One can find many power cables that make extraordinary differences in sound quality in the range of $2000-$3000 (or more)/meter. If you want another, possibly more affordable power cable option, I will say that the extremely thick and robust Locus Design Keynote AC cable made some extraordinary improvements in the sound of my dCS Debussy DAC, part of my digital music server. I think the Keynote is a masterpiece. It added a sense of depth and richness to a previously "thin" sound; and the Debussy cost $11,000 on its own, so a $2000-$3000/meter power cable would not have been inappropriate.

Although the Keynote is very stiff and can be difficult to dress, it's really worth it, most notably with digital electronics; I don't know anything about power cable design, but when I got my Ayre C-5xeMP, I bought a five foot Keynote and compared to the stock cable—or any other power cable I had—it took away a "haze" that I hadn't even realized was there. Suddenly the Ayre seemed more open, dynamic and just cleaner. I would not hesitate to recommend it to my non-audiophile engineer friends for their 52" plasma televisions.
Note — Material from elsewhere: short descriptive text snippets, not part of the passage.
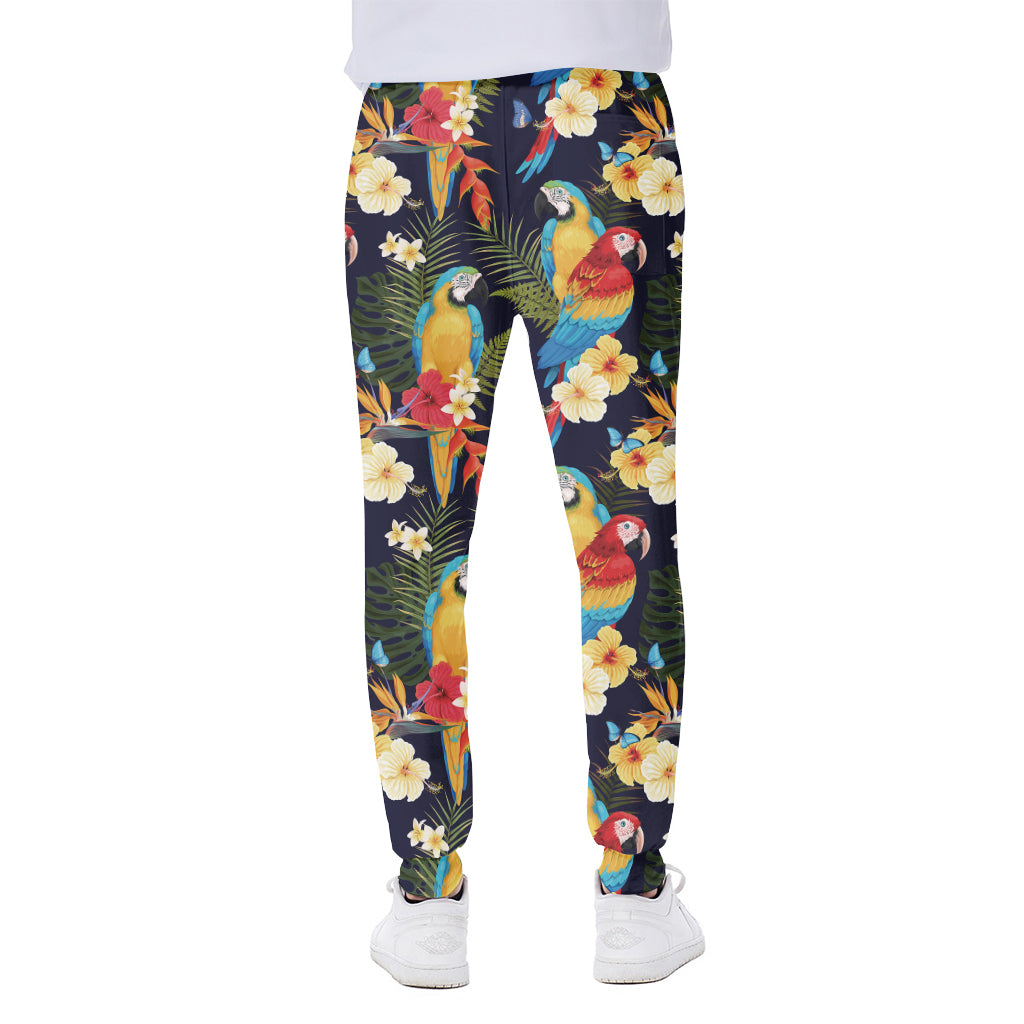 Parrot And Flower Pattern Print Scuba Joggers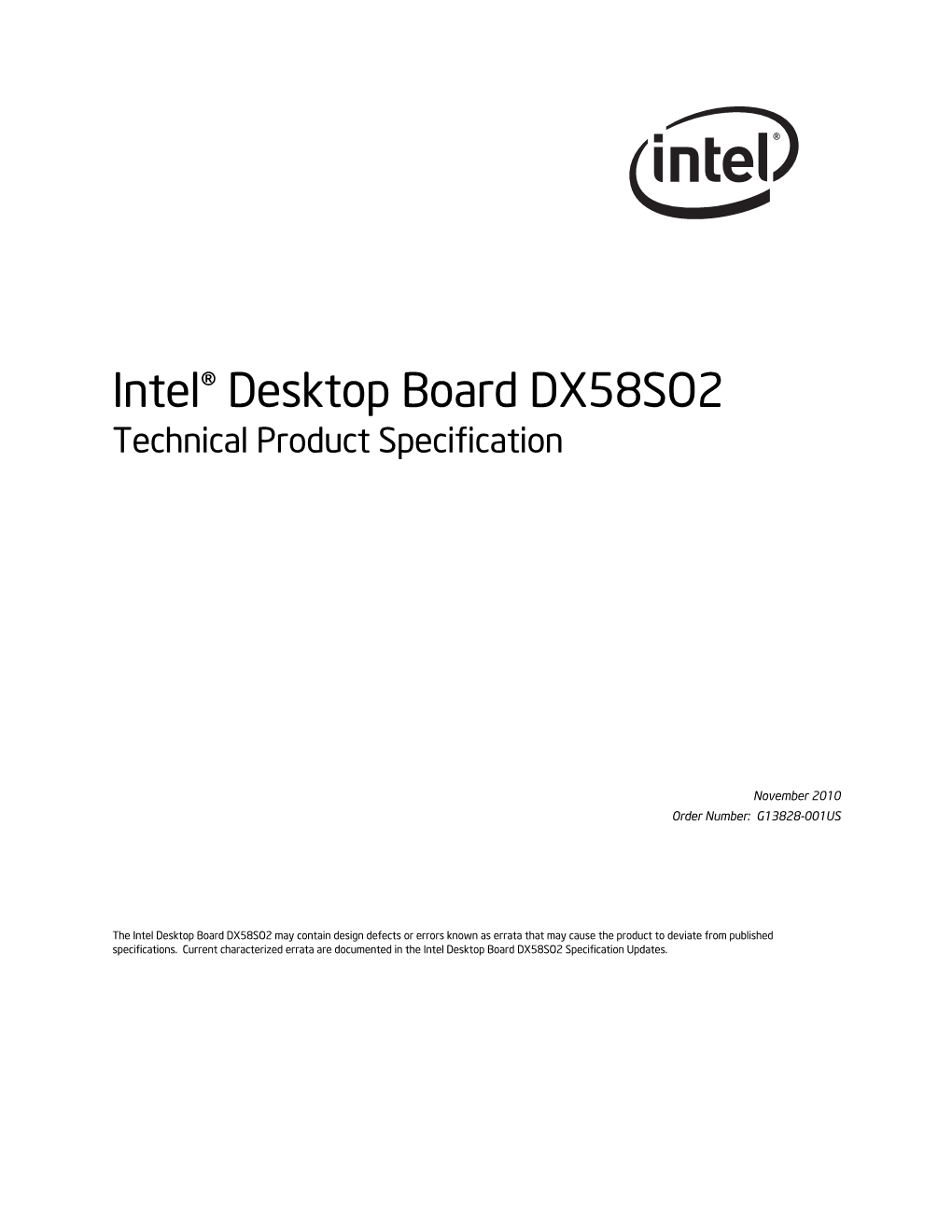 Intel® Desktop Board DX58SO2 Technical Product Specification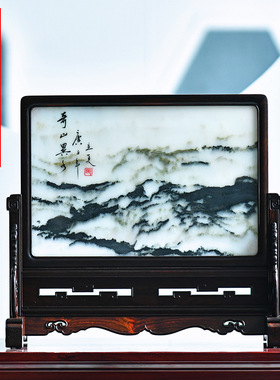 老挝大红酸枝嵌天然大理石插屏交趾黄檀台屏桌面小屏风木雕刻摆件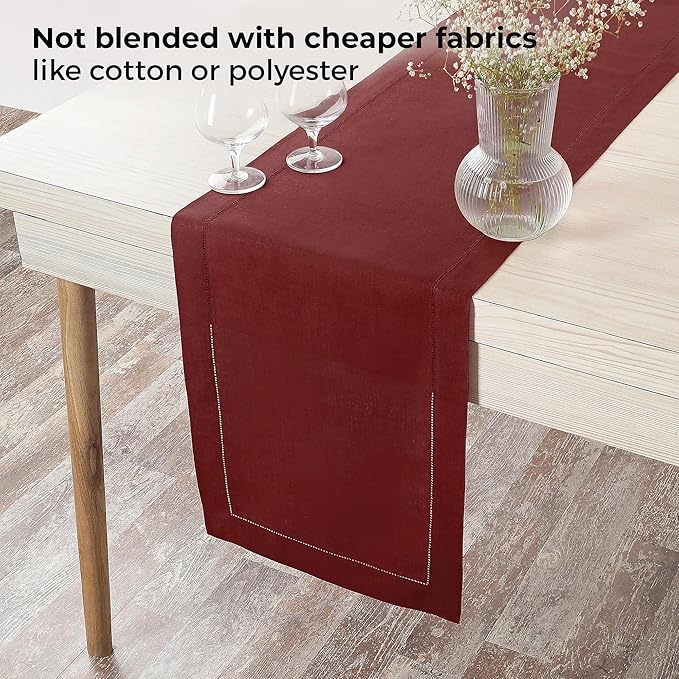 D'Moksha Homes Linen Dark Red Table Runner 90 Inches Long - Classic Hemstitch 100% Pure Linen Dining Table Runner 14 x 90 Inch for Valentines, Spring
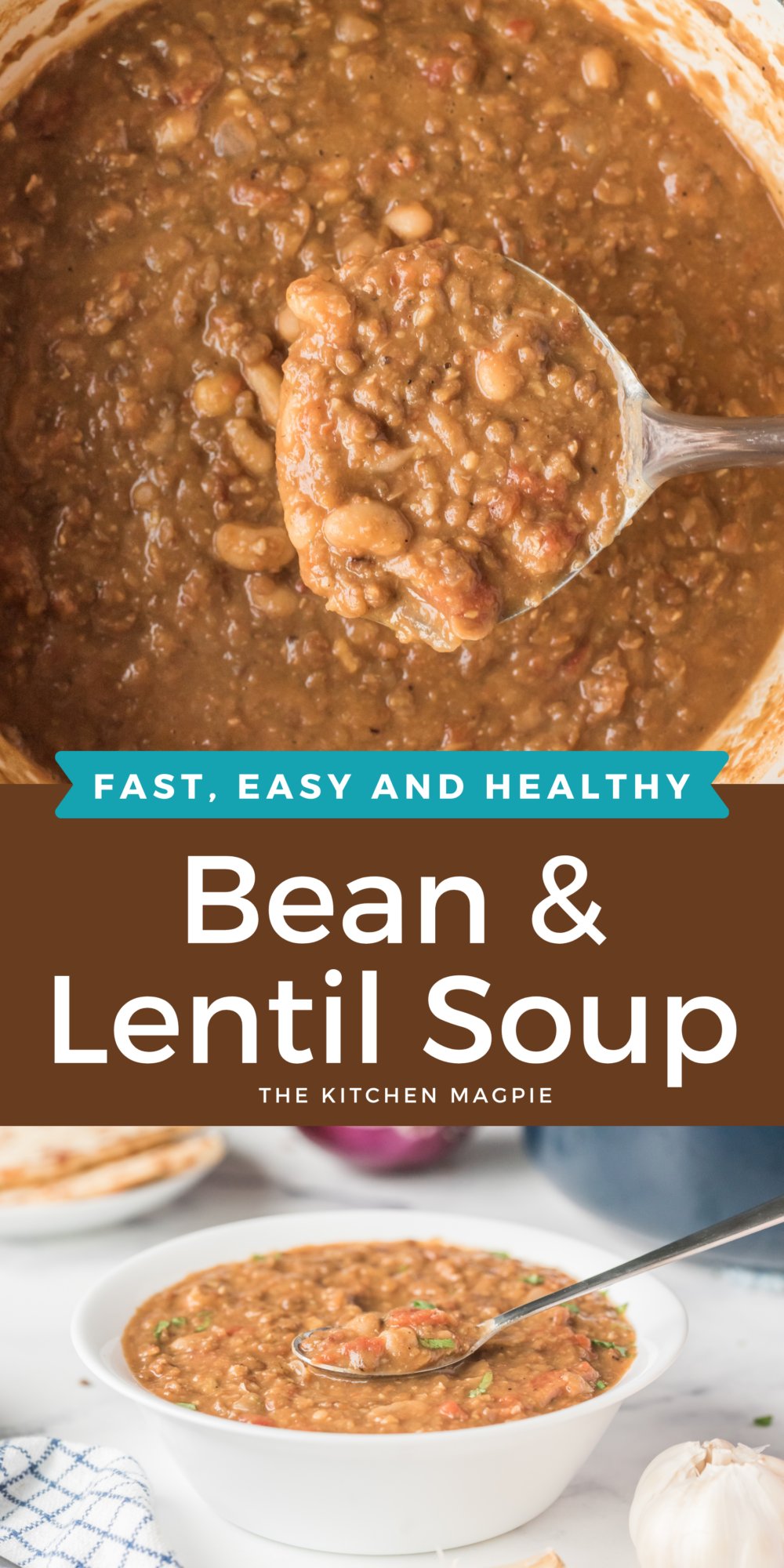 Spices, lentils, chickpeas, and beans all come together in an amazing soup that is tasty, vegetarian, and healthy.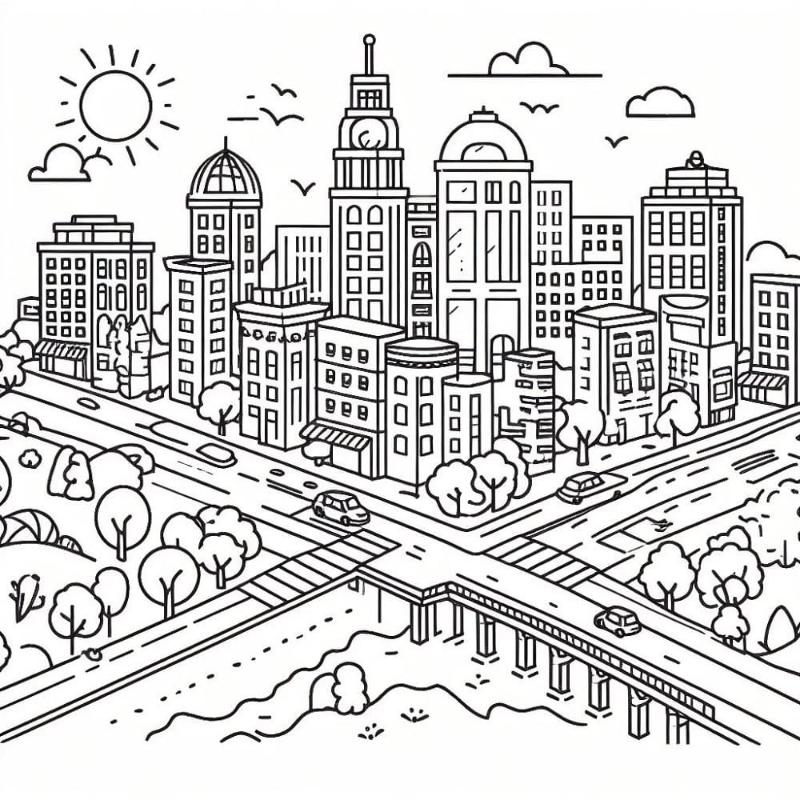 Tranh tô màu phong cảnh thành phố hiện đại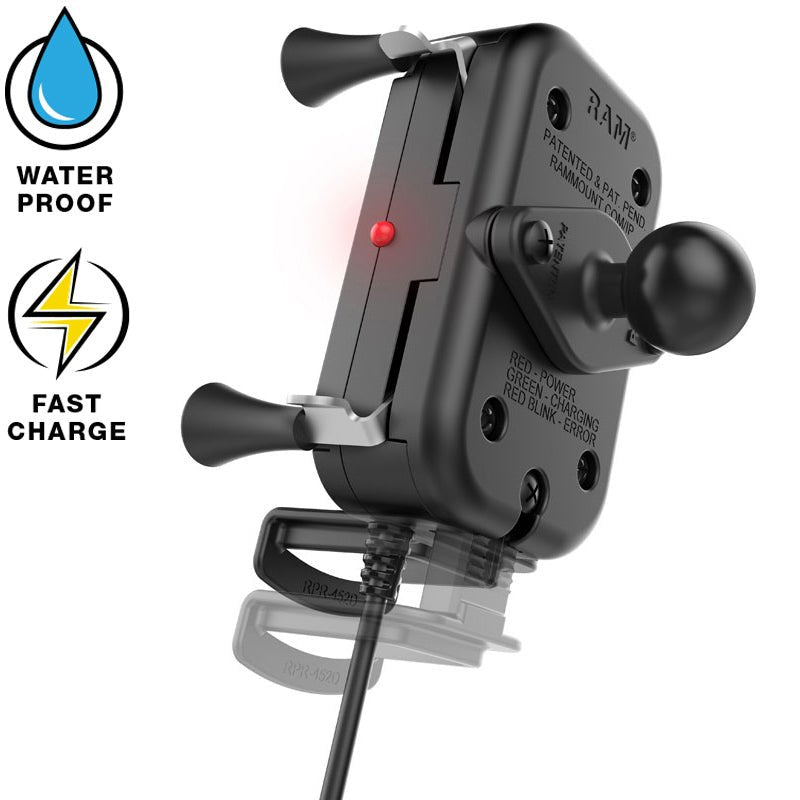 Ram Tough - Charge w/ X - Grip 10W Waterproof Wireless Charging Holder | RAM - HOL - UN12WB - MojoMotoSport.com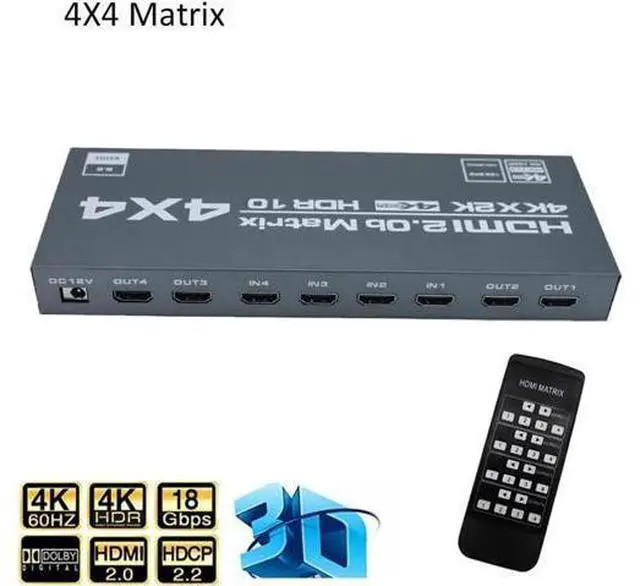 Main image of 4 In 4 Out HDMI-Compatible Splitter 4K@60Hz HDMI-Compatible Matrix Switcher Support Dolby HDR HDCP 2.2 With IR Control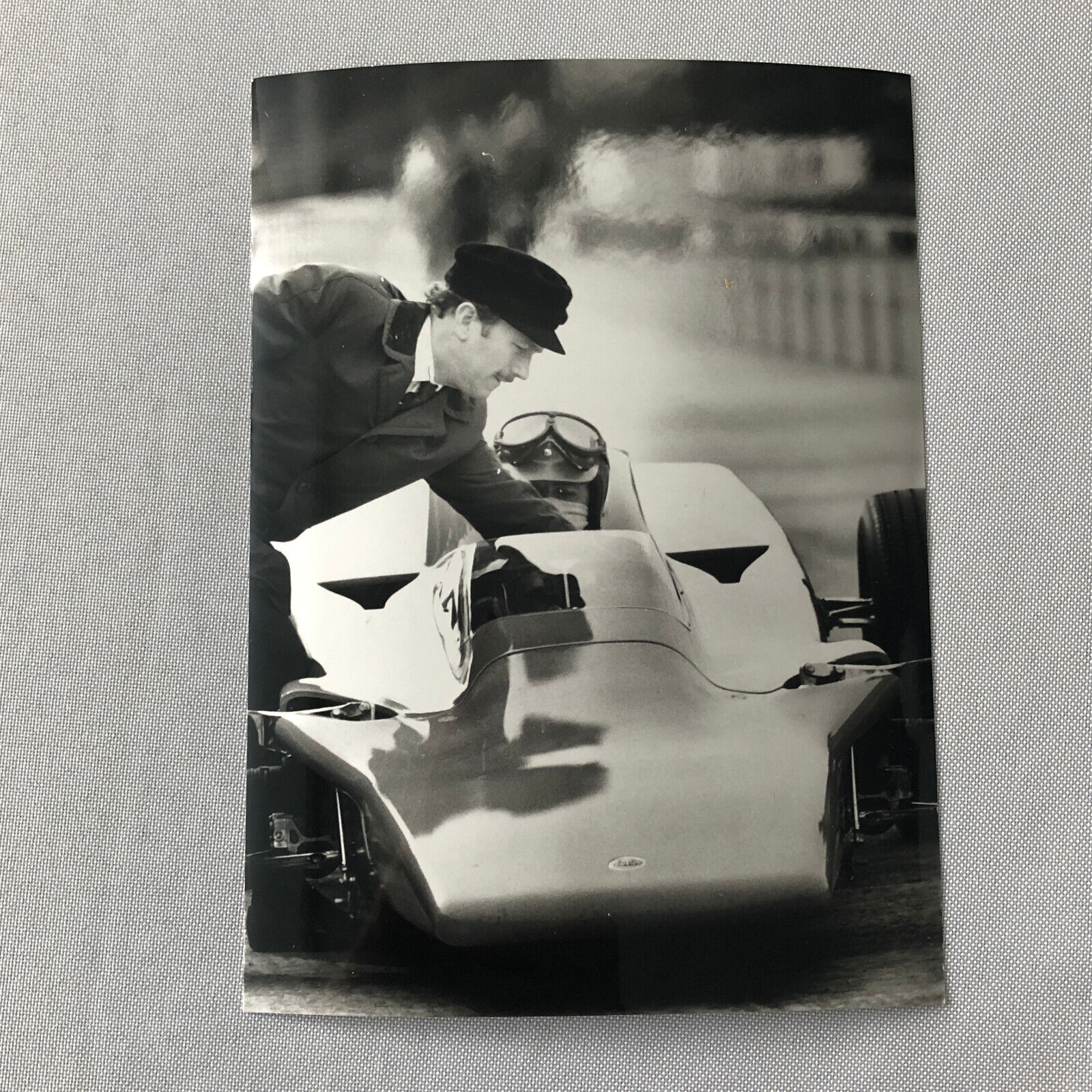 Vintage Colin Chapman and Graham Hill Lotus Racing Press Photo Michael Cooper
I've heard very high end cables—those priced to match Ongakus—do some remarkable things; but for $1199 for up to 3 feet, $60 / foot thereafter (that's approximately $1216 for the first meter if you do the math, and roughly $200 / meter thereafter), I don't know of any cable that can reveal such purity in the source component, and that's with the cable already plugged into a 20 Amp Equi=Tech balanced transformer. I know Locus Design is famous for the Polestar audiophile-quality USB cable; but the Keynote is an unrecognized champion and a bargain at the same time.

Reviewed in Issue 51


Jeff Parks

Once again it is the conclusion of another wonderful year reviewing and listening to fine audio components. I love what I do. Writing high end audio reviews is such a blast! This year's choices come from three different categories: A must have accessory, a headphone amplifier that is to die for, and a SACD/CD player that is the darling of the industry and all the buzz on the web and audio press

HiFi Silverstar Fuses

First up—HiFi SilverStar Tuning Fuses. I discovered these fuses at the end of last year. At first I was reluctant to spend $59 per fuse. $59 is a lot of money for a fuse. Then again, what isn't excessive in our obsessive-compulsive type hobby? I heard about these fuses through a friend who swore to me my jaw would drop once placed into my gear. He said, "You are not going to believe what you are going to hear." He was right, though it was more about what I wasn't hearing. Gone was a lot of background haze and hash that prevented my gear from sounding its best. This resulted in better clarity, micro and macrodynamics, soundstaging, and instrument focus. Vocals took on a new authority that truly brought the performers to the forefront with an increased focus. The difference was amazing with what seemed like increased amplification power much like the difference in performance when you on add a pair of headers to a car resulting in more horsepower. With the exception of one piece of gear where the change was minimal (though still in a positive direction), each and every time the SilverStar fuses were placed in gear these fuses took that piece of gear to the next level. Not only does this accessory make a true difference, no system should be without them. I have HiFi SilverStar Tuning Fuses in every piece of gear I own. They are in my humble opinion a MUST have accessory.

SA-KI Pearl

My next award goes to the Marantz SA KI Pearl. The SA-KI Pearl is a highly modified SA-15s2 that has had Ken Ishiwata's magic fingers go through it and upgrade the power supply, DAC, and input/output section of the player along with some chassis upgrades. This player is so different from the SA-11s2 that it had to have another model number. Since it was the 30th Anniversary of Ken's association with Marantz, what better to celebrate that fact but to name the player after Ken's initials of KI and include the KI Pearl into the Pearl line up. The player is drop dead gorgeous to look at with its sculpted look and Black Pearl casing. Equal to or better than its great looks is the fact the KI Pearl sounds terrific. Right out of the box the KI Pearl does everything right, whether it is playing SACDs or CDs the KI Pearl will not disappoint. First and foremost I love the transparency of the KI Pearl as all of the instruments and performers are present with utter clarity, but without sounding bright, etched, or spot lit. Here is the real kicker… the KI Pearl due to its phenomenal clarity, lack of digital artifacts while holding onto its musical charm truly offers what a reference instrument should be all about. All of this costing thousands of dollars less than what it would have just a few years ago in order to accomplish this same task. The KI Pearl is truly a keeper.

Cary Exciter

My final award goes out to the Cary Audio Xciter. As we speak I am finishing up the review with a publication date set for mid-December. Knowing the article will be published in December I had to add this ground breaking product to the mix for 2010. I stumbled upon the Cary Xciter in a convoluted way. Rather than the normal channels of acquiring a review through the manufacturer directly it was sent to me as part of a product group I was to review. Included in this group was the Xciter Headphone amplifier, a pair of Sennheiser HD-800s and a couple of headphone cables from Moon-Audiothe Blue and Silver Dragon cables (review pending).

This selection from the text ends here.